* [Extracted entries]
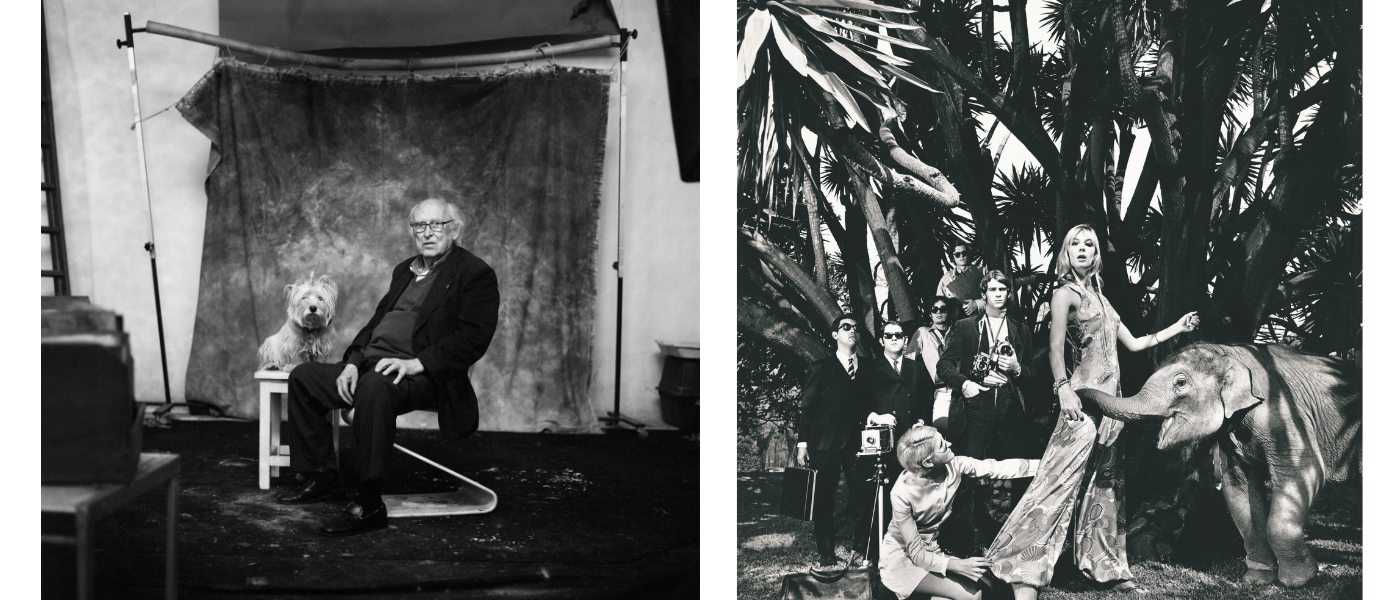 Exposición ‘Estela de Castro. En diálogo‘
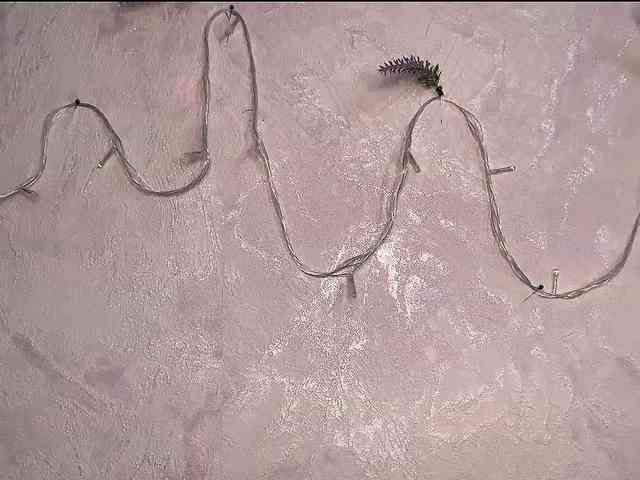 SunOudker webcam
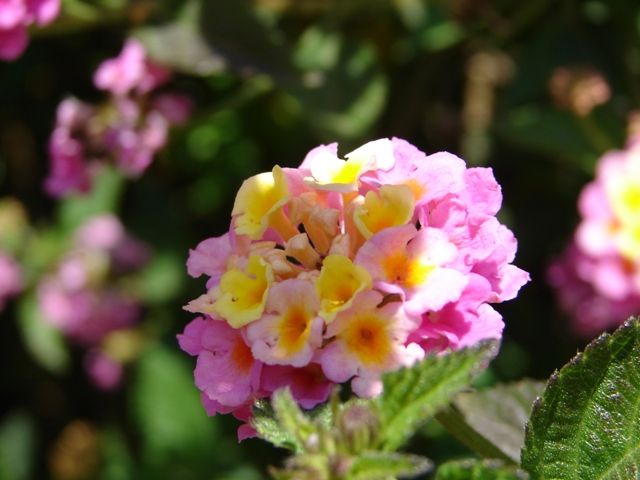 DSC04907.jpg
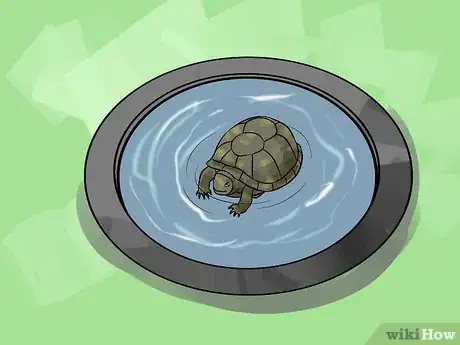 Immagine titolata Care for Your Box Turtle Step 9
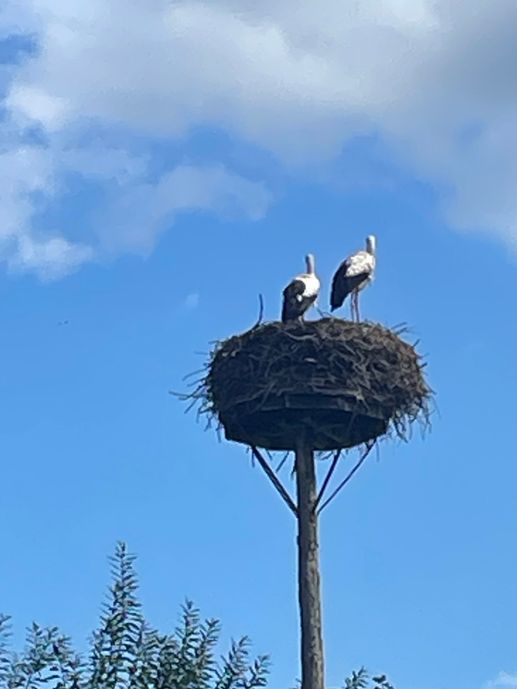 Een foto toegevoegd aan een locatie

* [Task description]
Look above for the line containing "SunOudker webcam", then retype it and each line after it to the end of the records, exactly and without pictures.

* [Task response]
 SunOudker webcam
 DSC04907.jpg
 Immagine titolata Care for Your Box Turtle Step 9
 Een foto toegevoegd aan een locatie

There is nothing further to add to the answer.